Treasury Dept. Picks KPMG as Auditor
Firm's Tax Shelters Under Investigation
By Jonathan Weisman
Washington Post Staff Writer
Friday, July 16, 2004; Page E01
The Treasury Department has tapped KPMG LLP as the first private firm to audit the agency's consolidated financial statements, even as the Treasury and Justice departments probe the accounting giant's marketing of potentially abusive tax shelters.
The contract has angered the bipartisan leaders of the Senate Finance Committee, who say it is part of a pattern of federal agencies condoning tax abuses -- from the Transportation Department encouraging abusive leasing arrangements to the Patent and Trademark Office issuing patents for tax shelters and the Interior Department participating in inflated land swaps. That pattern will be the subject of hearings Wednesday into government efforts to close the gap between taxes owed and taxes paid.
"If we could just get federal agencies not to work at cross purposes, it would go a long way toward ensuring everybody pays their fair share of taxes," said Senate Finance Committee Chairman Charles E. Grassley (R-Iowa). "The IRS's job would be a lot easier if other government agencies were part of the solution, not part of the problem."
KPMG is the subject of a federal grand jury probe into its tax shelter practice and has clashed repeatedly with the Internal Revenue Service over IRS demands that the firm release the names of clients who use its shelters, complex transactions to shield corporations and high-income individuals from portions of their tax bills.
Yet this month, in an internal memo first disclosed by the research firm Tax Analysts, KPMG announced Treasury had selected it to audit its consolidated financial statements. With $6.9 trillion in assets, the Treasury will be the largest audit ever for KPMG, although the value of the contract was not disclosed. KPMG will look over the books of Treasury's 12 bureaus, including the U.S. Mint, the Bureau of Public Debt and the Office of the Comptroller of the Currency.
"This extraordinary win is a testament to KPMG's outstanding record of client service, perseverance, and teamwork," the July 9 memo states.
Republican and Democratic Senate Finance Committee aides agreed the award is extraordinary but for a different reason.
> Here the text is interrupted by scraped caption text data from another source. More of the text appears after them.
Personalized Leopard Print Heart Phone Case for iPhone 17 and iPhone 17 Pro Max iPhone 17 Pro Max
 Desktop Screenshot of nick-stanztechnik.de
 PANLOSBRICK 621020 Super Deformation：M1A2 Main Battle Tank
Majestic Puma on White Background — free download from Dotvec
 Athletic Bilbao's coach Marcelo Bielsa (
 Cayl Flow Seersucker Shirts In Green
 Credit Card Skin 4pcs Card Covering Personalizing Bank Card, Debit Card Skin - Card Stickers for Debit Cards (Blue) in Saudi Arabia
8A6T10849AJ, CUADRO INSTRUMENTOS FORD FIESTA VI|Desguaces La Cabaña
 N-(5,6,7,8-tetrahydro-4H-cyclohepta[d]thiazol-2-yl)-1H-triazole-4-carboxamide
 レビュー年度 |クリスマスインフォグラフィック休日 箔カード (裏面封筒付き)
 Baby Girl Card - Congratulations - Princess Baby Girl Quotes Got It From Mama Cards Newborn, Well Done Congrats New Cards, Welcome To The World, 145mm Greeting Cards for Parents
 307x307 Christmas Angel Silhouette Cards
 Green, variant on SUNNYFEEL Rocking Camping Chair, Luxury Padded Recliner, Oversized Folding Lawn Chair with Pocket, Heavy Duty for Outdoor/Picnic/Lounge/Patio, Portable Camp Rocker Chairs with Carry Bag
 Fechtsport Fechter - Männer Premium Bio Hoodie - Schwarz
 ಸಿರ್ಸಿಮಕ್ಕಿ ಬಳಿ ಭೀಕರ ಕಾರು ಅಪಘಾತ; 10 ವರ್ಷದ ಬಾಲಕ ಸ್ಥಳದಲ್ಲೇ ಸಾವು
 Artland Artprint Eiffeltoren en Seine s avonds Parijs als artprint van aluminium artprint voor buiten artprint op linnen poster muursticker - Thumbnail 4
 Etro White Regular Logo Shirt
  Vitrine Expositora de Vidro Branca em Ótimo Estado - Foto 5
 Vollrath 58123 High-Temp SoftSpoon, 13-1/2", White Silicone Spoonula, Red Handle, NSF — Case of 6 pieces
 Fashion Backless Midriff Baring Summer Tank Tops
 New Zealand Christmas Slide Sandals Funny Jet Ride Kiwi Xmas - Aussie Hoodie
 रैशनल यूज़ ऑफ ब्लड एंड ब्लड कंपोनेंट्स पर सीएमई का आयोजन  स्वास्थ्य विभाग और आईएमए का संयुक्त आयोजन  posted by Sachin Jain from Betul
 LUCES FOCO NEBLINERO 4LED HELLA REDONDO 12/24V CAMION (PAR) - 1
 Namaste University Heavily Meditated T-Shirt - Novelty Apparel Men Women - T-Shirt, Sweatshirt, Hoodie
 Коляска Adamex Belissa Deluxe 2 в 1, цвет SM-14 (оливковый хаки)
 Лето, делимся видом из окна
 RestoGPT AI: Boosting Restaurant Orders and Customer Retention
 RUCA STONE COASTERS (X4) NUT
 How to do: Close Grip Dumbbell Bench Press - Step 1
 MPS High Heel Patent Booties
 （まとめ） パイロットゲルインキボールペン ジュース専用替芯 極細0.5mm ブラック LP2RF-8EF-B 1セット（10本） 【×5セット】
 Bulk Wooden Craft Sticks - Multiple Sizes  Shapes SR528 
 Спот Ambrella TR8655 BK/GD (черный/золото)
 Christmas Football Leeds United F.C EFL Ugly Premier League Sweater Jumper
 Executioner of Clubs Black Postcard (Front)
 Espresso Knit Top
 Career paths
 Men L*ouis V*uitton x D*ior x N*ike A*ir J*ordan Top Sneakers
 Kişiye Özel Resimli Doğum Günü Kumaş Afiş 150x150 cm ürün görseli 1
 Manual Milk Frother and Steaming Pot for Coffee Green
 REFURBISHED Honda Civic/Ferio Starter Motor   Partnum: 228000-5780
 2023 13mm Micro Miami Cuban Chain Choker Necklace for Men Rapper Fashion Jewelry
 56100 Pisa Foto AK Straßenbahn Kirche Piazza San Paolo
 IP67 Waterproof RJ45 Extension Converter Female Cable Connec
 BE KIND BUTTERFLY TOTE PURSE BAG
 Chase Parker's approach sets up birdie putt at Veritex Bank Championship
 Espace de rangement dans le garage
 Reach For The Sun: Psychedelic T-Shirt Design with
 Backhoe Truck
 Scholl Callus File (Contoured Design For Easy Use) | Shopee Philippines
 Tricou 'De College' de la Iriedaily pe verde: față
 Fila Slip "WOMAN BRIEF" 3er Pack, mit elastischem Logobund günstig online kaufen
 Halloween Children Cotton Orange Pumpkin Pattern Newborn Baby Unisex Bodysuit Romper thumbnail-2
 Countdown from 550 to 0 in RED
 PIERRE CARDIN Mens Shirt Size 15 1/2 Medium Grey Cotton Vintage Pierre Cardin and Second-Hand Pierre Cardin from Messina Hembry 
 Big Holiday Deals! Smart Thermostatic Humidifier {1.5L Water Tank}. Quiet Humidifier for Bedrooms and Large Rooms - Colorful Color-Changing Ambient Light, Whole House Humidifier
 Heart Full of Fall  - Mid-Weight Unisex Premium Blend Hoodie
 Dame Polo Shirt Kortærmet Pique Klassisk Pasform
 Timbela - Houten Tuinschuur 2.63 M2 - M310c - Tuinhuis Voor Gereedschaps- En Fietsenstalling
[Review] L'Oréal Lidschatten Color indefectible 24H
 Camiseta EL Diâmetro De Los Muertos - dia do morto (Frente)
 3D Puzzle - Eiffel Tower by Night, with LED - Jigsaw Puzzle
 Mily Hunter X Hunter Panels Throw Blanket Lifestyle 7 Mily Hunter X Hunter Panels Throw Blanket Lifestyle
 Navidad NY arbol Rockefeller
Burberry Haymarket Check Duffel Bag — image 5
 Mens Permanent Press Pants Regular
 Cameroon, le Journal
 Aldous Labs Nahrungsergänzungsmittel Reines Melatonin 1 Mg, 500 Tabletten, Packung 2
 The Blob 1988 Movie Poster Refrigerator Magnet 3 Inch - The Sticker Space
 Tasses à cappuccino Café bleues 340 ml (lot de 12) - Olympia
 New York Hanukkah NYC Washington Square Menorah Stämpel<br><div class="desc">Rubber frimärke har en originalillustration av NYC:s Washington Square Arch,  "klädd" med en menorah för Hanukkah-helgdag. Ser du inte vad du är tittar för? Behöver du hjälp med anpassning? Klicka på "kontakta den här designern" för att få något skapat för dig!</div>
By awarding KPMG this contract, the Treasury Department is undermining its own tax probe, they said.
"What signal does it send when the government is hauling one of the big accounting firms into the grand jury room over tax fraud while handing that same company millions of dollars in taxpayer-funded contracts?" Grassley asked.
Treasury Department spokesman Robert S. Nichols said KPMG's selection was made by the agency's independent inspector general, who had been responsible for auditing Treasury's books.
"On the issue of tax shelters, let me affirm that the Bush administration has taken aggressive action to address the abusive tax shelter problem, more so than in any period in recent memory," he said.